The British government has applied to be given the right to see Leveson Inquiry documents and witness statements in advance.
The press standards inquiry will hear an application today for the Government to be named as a “core participant”, those who have a significant interest in the hearings or may face criticism.
The move comes ahead of evidence next week from former News International executives Rebekah Brooks and Andy Coulson, which could embarrass Prime Minister David Cameron.
Core participant status would also give the government the right to put questions to other witnesses through its lawyers.
Existing core participants for the inquiry’s third module, looking at relations between the press and politicians, include Mrs Brooks, national newspaper groups and a number of current and former MPs.
The government faced calls for Culture Secretary Jeremy Hunt's resignation last week after the Leveson Inquiry released emails detailing contacts between his office and a senior executive at Rupert Murdoch's News Corporation.

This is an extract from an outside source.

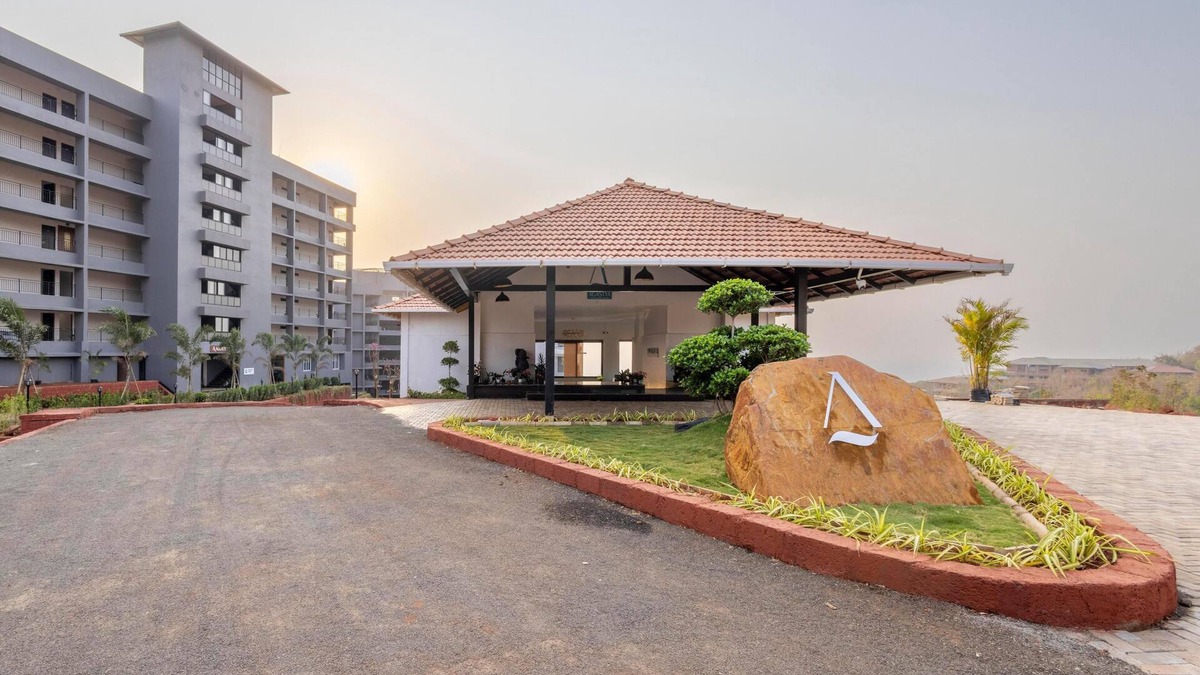 Harnai Apartment | Agastya Seaview Resort & Spa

Labour claimed the messages showed that the Culture Secretary failed to fulfil his quasi-judicial role in relation to Mr Murdoch’s proposed takeover of satellite broadcaster BSkyB.
Mr Hunt’s special adviser Adam Smith quit the next day, admitting he went “too far” in his contacts with News Corp lobbyist Frederic Michel.
If the Government had been a core participant at the time, it would have been given advance access to the emails and could have argued that parts should be blanked out before being made public.
It was Mr Cameron who set up the Leveson Inquiry last July in response to revelations that the now-defunct News of the World hacked murdered schoolgirl Milly Dowler’s phone after she disappeared in 2002.